━━━━━ MATERIAL FOR THE TASK
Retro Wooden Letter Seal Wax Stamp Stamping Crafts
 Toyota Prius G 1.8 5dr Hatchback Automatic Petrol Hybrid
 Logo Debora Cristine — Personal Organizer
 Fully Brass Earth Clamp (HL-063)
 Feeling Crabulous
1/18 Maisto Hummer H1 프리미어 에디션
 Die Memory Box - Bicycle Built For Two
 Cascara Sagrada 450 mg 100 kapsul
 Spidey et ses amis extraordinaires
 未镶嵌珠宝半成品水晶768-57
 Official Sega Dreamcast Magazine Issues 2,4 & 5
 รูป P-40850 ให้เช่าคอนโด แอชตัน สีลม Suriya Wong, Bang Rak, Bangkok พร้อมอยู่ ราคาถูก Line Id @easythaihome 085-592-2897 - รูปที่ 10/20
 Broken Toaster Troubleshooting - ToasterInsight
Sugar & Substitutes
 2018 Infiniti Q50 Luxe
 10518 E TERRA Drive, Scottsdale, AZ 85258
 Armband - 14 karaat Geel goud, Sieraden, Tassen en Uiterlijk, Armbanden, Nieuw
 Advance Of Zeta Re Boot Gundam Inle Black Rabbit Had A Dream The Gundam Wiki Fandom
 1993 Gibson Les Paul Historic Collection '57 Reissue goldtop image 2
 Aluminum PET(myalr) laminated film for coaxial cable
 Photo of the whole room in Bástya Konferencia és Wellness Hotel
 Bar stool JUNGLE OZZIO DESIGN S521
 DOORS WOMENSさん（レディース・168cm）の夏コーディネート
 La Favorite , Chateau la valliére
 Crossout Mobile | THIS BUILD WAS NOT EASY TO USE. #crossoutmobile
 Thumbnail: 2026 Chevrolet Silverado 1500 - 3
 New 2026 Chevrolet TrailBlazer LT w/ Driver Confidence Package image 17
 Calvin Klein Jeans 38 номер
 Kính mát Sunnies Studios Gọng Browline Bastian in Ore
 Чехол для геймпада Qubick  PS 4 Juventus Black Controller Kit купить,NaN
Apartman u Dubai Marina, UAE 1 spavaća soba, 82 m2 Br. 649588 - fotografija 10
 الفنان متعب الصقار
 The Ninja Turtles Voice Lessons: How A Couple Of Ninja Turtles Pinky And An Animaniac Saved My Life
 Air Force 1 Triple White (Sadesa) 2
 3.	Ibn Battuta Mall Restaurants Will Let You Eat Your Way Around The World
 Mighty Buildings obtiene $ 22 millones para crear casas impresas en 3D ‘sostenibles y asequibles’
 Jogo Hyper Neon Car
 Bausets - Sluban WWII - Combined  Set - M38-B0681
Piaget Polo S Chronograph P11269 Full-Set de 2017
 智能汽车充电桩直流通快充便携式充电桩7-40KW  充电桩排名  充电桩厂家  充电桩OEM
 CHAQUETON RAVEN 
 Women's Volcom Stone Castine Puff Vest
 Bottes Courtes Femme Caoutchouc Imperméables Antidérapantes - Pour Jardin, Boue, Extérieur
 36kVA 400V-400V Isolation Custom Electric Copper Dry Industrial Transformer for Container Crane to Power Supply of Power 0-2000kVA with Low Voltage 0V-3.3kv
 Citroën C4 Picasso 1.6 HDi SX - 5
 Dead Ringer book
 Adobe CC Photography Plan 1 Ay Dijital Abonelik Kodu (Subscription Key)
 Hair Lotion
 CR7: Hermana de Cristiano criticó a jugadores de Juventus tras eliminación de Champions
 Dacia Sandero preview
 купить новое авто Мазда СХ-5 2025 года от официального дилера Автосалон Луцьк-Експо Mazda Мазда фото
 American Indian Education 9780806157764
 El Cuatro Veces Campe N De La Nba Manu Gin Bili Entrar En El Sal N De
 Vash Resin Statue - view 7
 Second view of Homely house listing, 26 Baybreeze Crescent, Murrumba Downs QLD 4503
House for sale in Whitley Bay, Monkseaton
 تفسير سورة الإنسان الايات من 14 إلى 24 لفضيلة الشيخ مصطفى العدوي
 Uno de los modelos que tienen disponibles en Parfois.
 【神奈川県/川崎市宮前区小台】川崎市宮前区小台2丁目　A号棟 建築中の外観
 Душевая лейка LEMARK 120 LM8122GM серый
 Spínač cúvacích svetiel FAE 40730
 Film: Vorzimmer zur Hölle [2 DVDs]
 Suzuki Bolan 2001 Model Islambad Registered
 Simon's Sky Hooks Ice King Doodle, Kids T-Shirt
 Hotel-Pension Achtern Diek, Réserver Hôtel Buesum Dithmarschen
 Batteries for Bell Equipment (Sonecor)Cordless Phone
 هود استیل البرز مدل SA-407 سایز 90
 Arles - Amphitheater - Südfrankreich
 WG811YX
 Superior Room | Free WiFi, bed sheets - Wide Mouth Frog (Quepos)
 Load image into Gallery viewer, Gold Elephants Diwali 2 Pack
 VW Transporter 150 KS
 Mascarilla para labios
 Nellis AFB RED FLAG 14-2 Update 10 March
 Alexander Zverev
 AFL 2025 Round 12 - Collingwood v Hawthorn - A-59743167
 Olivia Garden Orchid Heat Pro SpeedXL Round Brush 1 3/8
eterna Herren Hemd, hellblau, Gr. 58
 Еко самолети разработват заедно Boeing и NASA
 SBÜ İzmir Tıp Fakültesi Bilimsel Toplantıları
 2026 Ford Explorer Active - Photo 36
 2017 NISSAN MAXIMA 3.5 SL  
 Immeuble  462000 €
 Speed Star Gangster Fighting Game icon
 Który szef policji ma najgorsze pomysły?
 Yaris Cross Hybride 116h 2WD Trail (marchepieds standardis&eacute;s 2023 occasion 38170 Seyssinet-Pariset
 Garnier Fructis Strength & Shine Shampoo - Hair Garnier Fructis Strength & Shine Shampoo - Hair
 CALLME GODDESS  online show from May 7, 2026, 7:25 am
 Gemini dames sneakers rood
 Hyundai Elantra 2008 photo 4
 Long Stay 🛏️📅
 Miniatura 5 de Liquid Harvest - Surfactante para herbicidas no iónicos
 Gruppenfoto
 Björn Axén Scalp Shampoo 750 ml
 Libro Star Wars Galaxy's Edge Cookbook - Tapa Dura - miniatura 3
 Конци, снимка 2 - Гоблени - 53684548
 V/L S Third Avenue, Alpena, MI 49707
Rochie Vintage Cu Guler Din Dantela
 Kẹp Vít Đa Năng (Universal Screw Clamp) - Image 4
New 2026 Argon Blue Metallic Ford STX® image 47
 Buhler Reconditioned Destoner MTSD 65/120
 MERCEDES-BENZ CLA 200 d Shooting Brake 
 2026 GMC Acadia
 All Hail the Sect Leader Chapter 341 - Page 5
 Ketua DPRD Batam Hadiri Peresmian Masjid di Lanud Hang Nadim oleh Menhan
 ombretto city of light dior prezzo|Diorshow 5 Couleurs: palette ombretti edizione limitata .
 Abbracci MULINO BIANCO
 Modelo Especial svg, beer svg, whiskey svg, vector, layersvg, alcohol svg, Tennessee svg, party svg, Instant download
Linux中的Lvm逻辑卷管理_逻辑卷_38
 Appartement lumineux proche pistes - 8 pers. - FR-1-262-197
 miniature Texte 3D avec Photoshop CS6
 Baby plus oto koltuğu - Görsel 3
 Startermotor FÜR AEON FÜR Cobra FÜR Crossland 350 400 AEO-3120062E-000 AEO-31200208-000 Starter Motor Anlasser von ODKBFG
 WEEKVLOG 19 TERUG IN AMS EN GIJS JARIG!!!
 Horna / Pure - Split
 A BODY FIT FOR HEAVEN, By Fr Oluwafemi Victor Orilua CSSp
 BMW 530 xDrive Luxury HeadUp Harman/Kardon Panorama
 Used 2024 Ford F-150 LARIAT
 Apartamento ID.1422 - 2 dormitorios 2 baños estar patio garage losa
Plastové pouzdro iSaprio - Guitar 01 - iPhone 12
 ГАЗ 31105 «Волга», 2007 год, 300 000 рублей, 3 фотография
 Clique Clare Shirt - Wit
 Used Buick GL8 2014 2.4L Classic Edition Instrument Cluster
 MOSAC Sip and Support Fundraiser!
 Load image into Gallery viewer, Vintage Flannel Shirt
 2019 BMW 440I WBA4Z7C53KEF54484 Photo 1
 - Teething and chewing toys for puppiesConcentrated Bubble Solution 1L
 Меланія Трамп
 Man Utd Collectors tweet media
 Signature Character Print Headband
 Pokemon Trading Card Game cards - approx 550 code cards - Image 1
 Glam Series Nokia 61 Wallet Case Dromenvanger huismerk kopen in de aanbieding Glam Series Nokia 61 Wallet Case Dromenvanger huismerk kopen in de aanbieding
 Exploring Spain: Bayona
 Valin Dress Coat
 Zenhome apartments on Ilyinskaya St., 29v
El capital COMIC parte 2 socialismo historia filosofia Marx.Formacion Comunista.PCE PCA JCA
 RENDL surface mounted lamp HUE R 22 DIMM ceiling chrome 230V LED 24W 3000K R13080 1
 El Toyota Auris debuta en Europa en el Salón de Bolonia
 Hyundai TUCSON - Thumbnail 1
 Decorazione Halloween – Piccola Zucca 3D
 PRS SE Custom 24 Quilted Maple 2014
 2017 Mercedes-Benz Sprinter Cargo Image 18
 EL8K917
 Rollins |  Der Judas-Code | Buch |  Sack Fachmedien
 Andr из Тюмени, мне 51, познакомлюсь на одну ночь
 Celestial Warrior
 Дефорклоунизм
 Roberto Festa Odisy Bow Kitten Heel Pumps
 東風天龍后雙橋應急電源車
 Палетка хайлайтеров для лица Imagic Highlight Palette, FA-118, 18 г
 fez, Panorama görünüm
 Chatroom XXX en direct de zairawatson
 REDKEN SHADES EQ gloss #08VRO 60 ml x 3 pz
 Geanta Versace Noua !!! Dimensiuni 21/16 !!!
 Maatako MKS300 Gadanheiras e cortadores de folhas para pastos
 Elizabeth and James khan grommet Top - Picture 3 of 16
━━━━━━━━━━
Count the lines in the listing above that include the word "Vintage", and respond with that number alone.

2